Второй, державший руку за спиной всё это время, протянул её вперёд, и девочка с визгом взлетела на кровать, вскочив ногами на самые подушки. В руке мальчик держал огромного жука с длиннющими усами и цепкими плотными лапами. Девочка даже дышать перестала от ужаса. Она хотела зажмуриться, но широко раскрытые глаза боялись выпустить опасность из виду и не закрывались. Мальчики громко гоготали, угрожая бросить насекомое в свою жертву, но тут один из них вылетел в коридор, словно унесённый порывом волшебного ветра, а второй бросил жука на пол и завопил, дробно стуча пятками об пол, как испуганный заяц. Это соседка вернулась домой. Она вышвырнула из тесной комнаты одного, освобождая себе дорогу, и выкрутила ухо второму, от чего он немилосердно орал. Вытолкав в коридор и его, соседка выскочила следом, ругаясь и грозя ребятам всеми карами, какие только могут быть. А жук остался на полу. Он шевелил своими гигантскими усами, решая, в какую бы сторону ему направится.
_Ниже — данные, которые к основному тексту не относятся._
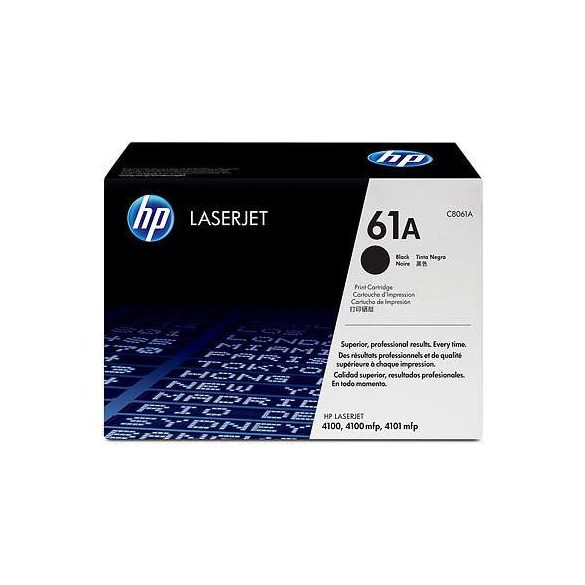 HP C8061A (61A) fekete eredeti toner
Девочка застыла на разъезжающихся под ногами подушках. Открыв рот и распахнув глаза, она следила за этим чудовищем, ощущая, что, если оно сейчас поползёт в её сторону, она умрёт от ужаса. Ни одно сердце не в силах пережить подобного кошмара, и её сердечко колотилось так, что в животе было гулко.
— Уходи... — в отчаянии прошептала девочка, — пожалуйста, уходи...
Жук, пошевелив царапучими лапками, развернул усы в сторону кровати. Девчонка раскрыла рот, но крик застыл, остановив дыхание... В этот момент вошла соседка.
— Быстро слазь! Ногами — на подушки! Совсем одикла, что ли?!
— Жук! Я его боюсь! — тонко закричала девочка. Соседка глянула под ноги, схватила жука, словно фантик, и швырнула в окно, после чего, угрожающе развернулась к пострадавшей.
Девочка знала, что на кровать лазать нельзя, уж тем более, на подушки. Она знала, что соседка может и голову оторвать, сама видела, как та в сарай ушла с курицей, а вышла с тушкой, и голову куриную бросила цепному псу Фреду. Всё она знала... Но соседка была не такой ужасной, как жук, с которым она расправилась, а потому девочка распахнула руки в робкие объятия, готовая принять любую учесть. Она плакала. Это при жуке она плакать не могла, а соседка, всё-таки, не так ужасна, и слёзы брызнули сами. Пожалеет ли владычица её, маленькую и плачущую, или сбросит с кровати оплеухой? Протянув руки к женщине, девочка шагнула вперёд.
Соседка подхватила ребёнка, рывком поставила на пол, и толкнула в затылок:
— Иди, умойся, сейчас уж мать придёт.
Девочка бежит по коридору, размазывая по лицу, ставшие лишними, слёзы. Входная дверь в конце коридора распахнута настежь, и в неё врывается ослепительное солнце. Где-то там, за солнечным светом, прячутся мальчишки. Девочка слышит:
— Вон она, идёт!
— Позови её!
— Она не пойдёт...
— Вот бы вышла, мы бы ей устроили!
— Попробуй, позови!
Девочка убегает на кухню, встаёт на стул и открывает воду. Сосредоточенно умывая лицо, она думает: "Позови... Ага, как же! Знаем, чем дело кончится..."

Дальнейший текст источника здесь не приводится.